> [What to do] Set down every record once more, exactly as given.

Records drawn from a dataset:
_____
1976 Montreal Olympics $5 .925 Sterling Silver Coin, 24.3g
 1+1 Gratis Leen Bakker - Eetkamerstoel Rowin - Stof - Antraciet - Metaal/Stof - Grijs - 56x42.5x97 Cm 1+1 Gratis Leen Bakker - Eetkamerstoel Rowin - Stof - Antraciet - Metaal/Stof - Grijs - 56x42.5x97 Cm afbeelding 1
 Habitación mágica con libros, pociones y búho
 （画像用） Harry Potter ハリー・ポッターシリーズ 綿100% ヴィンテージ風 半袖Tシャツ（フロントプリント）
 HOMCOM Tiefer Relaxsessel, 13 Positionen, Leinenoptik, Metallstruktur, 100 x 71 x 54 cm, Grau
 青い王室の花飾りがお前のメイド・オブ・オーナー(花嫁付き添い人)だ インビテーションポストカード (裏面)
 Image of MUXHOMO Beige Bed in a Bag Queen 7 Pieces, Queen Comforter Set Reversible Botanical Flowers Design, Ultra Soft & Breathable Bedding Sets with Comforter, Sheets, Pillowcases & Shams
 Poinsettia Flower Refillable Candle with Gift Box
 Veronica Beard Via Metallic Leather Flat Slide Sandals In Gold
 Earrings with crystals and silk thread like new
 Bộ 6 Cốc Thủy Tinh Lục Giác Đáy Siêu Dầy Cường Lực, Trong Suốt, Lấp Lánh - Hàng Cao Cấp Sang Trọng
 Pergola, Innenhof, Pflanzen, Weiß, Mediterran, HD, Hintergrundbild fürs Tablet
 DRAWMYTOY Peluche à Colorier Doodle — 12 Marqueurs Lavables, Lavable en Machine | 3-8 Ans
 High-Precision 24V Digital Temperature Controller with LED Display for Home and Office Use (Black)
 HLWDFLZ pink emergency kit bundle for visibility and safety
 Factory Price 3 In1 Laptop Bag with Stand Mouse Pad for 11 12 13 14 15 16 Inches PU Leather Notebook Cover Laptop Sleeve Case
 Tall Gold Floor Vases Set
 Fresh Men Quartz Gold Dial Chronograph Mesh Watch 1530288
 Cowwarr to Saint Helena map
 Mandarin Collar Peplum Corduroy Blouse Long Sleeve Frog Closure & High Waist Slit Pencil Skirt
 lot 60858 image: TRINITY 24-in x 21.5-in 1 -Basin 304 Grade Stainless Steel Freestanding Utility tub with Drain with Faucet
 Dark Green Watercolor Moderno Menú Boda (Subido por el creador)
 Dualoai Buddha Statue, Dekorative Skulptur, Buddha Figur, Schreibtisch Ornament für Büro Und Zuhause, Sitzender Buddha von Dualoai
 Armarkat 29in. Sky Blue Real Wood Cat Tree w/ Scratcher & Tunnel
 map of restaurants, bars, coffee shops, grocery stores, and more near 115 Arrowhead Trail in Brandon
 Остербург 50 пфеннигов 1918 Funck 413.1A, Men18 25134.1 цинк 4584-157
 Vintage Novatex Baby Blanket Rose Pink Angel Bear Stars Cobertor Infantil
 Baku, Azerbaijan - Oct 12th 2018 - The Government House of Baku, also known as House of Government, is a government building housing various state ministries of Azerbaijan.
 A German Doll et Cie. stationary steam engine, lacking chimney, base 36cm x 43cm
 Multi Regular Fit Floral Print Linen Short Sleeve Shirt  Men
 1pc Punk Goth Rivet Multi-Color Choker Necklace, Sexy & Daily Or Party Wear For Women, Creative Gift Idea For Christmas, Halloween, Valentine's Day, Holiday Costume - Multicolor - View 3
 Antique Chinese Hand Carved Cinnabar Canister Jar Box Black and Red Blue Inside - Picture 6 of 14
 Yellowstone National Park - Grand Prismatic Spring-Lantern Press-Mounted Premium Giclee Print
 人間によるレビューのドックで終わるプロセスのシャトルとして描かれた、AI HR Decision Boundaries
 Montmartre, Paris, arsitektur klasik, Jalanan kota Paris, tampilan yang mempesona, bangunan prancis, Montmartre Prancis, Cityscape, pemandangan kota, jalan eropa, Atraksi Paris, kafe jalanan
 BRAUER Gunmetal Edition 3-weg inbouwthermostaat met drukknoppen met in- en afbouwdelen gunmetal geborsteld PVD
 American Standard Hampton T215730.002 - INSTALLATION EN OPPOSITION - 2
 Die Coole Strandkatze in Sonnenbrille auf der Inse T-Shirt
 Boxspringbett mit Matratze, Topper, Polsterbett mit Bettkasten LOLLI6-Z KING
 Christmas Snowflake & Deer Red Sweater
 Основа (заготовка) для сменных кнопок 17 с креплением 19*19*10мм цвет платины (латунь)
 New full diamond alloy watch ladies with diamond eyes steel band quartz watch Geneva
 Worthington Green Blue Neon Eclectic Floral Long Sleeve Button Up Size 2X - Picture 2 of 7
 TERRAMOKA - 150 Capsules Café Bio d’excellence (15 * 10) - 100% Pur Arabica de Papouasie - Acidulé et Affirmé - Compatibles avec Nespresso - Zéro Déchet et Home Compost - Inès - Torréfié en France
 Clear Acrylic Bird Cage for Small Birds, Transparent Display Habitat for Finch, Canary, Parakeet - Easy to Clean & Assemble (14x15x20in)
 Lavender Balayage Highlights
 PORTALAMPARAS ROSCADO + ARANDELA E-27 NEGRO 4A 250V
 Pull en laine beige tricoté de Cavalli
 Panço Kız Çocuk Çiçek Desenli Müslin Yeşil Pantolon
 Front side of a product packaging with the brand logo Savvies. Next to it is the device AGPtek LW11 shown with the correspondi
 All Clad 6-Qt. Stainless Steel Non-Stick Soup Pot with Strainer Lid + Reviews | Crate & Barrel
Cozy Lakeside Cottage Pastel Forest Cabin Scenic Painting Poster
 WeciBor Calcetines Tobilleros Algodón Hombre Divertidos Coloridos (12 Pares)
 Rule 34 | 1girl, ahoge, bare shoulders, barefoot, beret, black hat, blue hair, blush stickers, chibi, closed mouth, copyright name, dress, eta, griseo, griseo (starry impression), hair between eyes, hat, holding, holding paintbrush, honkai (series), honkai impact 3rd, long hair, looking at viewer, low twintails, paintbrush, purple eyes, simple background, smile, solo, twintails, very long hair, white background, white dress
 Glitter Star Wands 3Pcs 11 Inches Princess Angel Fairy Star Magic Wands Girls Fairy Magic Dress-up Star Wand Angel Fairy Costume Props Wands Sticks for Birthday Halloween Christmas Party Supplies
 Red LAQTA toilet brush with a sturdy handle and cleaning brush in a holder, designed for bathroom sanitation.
_____
> [Solution]
1976 Montreal Olympics $5 .925 Sterling Silver Coin, 24.3g
 1+1 Gratis Leen Bakker - Eetkamerstoel Rowin - Stof - Antraciet - Metaal/Stof - Grijs - 56x42.5x97 Cm 1+1 Gratis Leen Bakker - Eetkamerstoel Rowin - Stof - Antraciet - Metaal/Stof - Grijs - 56x42.5x97 Cm afbeelding 1
 Habitación mágica con libros, pociones y búho
 （画像用） Harry Potter ハリー・ポッターシリーズ 綿100% ヴィンテージ風 半袖Tシャツ（フロントプリント）
 HOMCOM Tiefer Relaxsessel, 13 Positionen, Leinenoptik, Metallstruktur, 100 x 71 x 54 cm, Grau
 青い王室の花飾りがお前のメイド・オブ・オーナー(花嫁付き添い人)だ インビテーションポストカード (裏面)
 Image of MUXHOMO Beige Bed in a Bag Queen 7 Pieces, Queen Comforter Set Reversible Botanical Flowers Design, Ultra Soft & Breathable Bedding Sets with Comforter, Sheets, Pillowcases & Shams
 Poinsettia Flower Refillable Candle with Gift Box
 Veronica Beard Via Metallic Leather Flat Slide Sandals In Gold
 Earrings with crystals and silk thread like new
 Bộ 6 Cốc Thủy Tinh Lục Giác Đáy Siêu Dầy Cường Lực, Trong Suốt, Lấp Lánh - Hàng Cao Cấp Sang Trọng
 Pergola, Innenhof, Pflanzen, Weiß, Mediterran, HD, Hintergrundbild fürs Tablet
 DRAWMYTOY Peluche à Colorier Doodle — 12 Marqueurs Lavables, Lavable en Machine | 3-8 Ans
 High-Precision 24V Digital Temperature Controller with LED Display for Home and Office Use (Black)
 HLWDFLZ pink emergency kit bundle for visibility and safety
 Factory Price 3 In1 Laptop Bag with Stand Mouse Pad for 11 12 13 14 15 16 Inches PU Leather Notebook Cover Laptop Sleeve Case
 Tall Gold Floor Vases Set
 Fresh Men Quartz Gold Dial Chronograph Mesh Watch 1530288
 Cowwarr to Saint Helena map
 Mandarin Collar Peplum Corduroy Blouse Long Sleeve Frog Closure & High Waist Slit Pencil Skirt
 lot 60858 image: TRINITY 24-in x 21.5-in 1 -Basin 304 Grade Stainless Steel Freestanding Utility tub with Drain with Faucet
 Dark Green Watercolor Moderno Menú Boda (Subido por el creador)
 Dualoai Buddha Statue, Dekorative Skulptur, Buddha Figur, Schreibtisch Ornament für Büro Und Zuhause, Sitzender Buddha von Dualoai
 Armarkat 29in. Sky Blue Real Wood Cat Tree w/ Scratcher & Tunnel
 map of restaurants, bars, coffee shops, grocery stores, and more near 115 Arrowhead Trail in Brandon
 Остербург 50 пфеннигов 1918 Funck 413.1A, Men18 25134.1 цинк 4584-157
 Vintage Novatex Baby Blanket Rose Pink Angel Bear Stars Cobertor Infantil
 Baku, Azerbaijan - Oct 12th 2018 - The Government House of Baku, also known as House of Government, is a government building housing various state ministries of Azerbaijan.
 A German Doll et Cie. stationary steam engine, lacking chimney, base 36cm x 43cm
 Multi Regular Fit Floral Print Linen Short Sleeve Shirt  Men
 1pc Punk Goth Rivet Multi-Color Choker Necklace, Sexy & Daily Or Party Wear For Women, Creative Gift Idea For Christmas, Halloween, Valentine's Day, Holiday Costume - Multicolor - View 3
 Antique Chinese Hand Carved Cinnabar Canister Jar Box Black and Red Blue Inside - Picture 6 of 14
 Yellowstone National Park - Grand Prismatic Spring-Lantern Press-Mounted Premium Giclee Print
 人間によるレビューのドックで終わるプロセスのシャトルとして描かれた、AI HR Decision Boundaries
 Montmartre, Paris, arsitektur klasik, Jalanan kota Paris, tampilan yang mempesona, bangunan prancis, Montmartre Prancis, Cityscape, pemandangan kota, jalan eropa, Atraksi Paris, kafe jalanan
 BRAUER Gunmetal Edition 3-weg inbouwthermostaat met drukknoppen met in- en afbouwdelen gunmetal geborsteld PVD
 American Standard Hampton T215730.002 - INSTALLATION EN OPPOSITION - 2
 Die Coole Strandkatze in Sonnenbrille auf der Inse T-Shirt
 Boxspringbett mit Matratze, Topper, Polsterbett mit Bettkasten LOLLI6-Z KING
 Christmas Snowflake & Deer Red Sweater
 Основа (заготовка) для сменных кнопок 17 с креплением 19*19*10мм цвет платины (латунь)
 New full diamond alloy watch ladies with diamond eyes steel band quartz watch Geneva
 Worthington Green Blue Neon Eclectic Floral Long Sleeve Button Up Size 2X - Picture 2 of 7
 TERRAMOKA - 150 Capsules Café Bio d’excellence (15 * 10) - 100% Pur Arabica de Papouasie - Acidulé et Affirmé - Compatibles avec Nespresso - Zéro Déchet et Home Compost - Inès - Torréfié en France
 Clear Acrylic Bird Cage for Small Birds, Transparent Display Habitat for Finch, Canary, Parakeet - Easy to Clean & Assemble (14x15x20in)
 Lavender Balayage Highlights
 PORTALAMPARAS ROSCADO + ARANDELA E-27 NEGRO 4A 250V
 Pull en laine beige tricoté de Cavalli
 Panço Kız Çocuk Çiçek Desenli Müslin Yeşil Pantolon
 Front side of a product packaging with the brand logo Savvies. Next to it is the device AGPtek LW11 shown with the correspondi
 All Clad 6-Qt. Stainless Steel Non-Stick Soup Pot with Strainer Lid + Reviews | Crate & Barrel
Cozy Lakeside Cottage Pastel Forest Cabin Scenic Painting Poster
 WeciBor Calcetines Tobilleros Algodón Hombre Divertidos Coloridos (12 Pares)
 Rule 34 | 1girl, ahoge, bare shoulders, barefoot, beret, black hat, blue hair, blush stickers, chibi, closed mouth, copyright name, dress, eta, griseo, griseo (starry impression), hair between eyes, hat, holding, holding paintbrush, honkai (series), honkai impact 3rd, long hair, looking at viewer, low twintails, paintbrush, purple eyes, simple background, smile, solo, twintails, very long hair, white background, white dress
 Glitter Star Wands 3Pcs 11 Inches Princess Angel Fairy Star Magic Wands Girls Fairy Magic Dress-up Star Wand Angel Fairy Costume Props Wands Sticks for Birthday Halloween Christmas Party Supplies
 Red LAQTA toilet brush with a sturdy handle and cleaning brush in a holder, designed for bathroom sanitation.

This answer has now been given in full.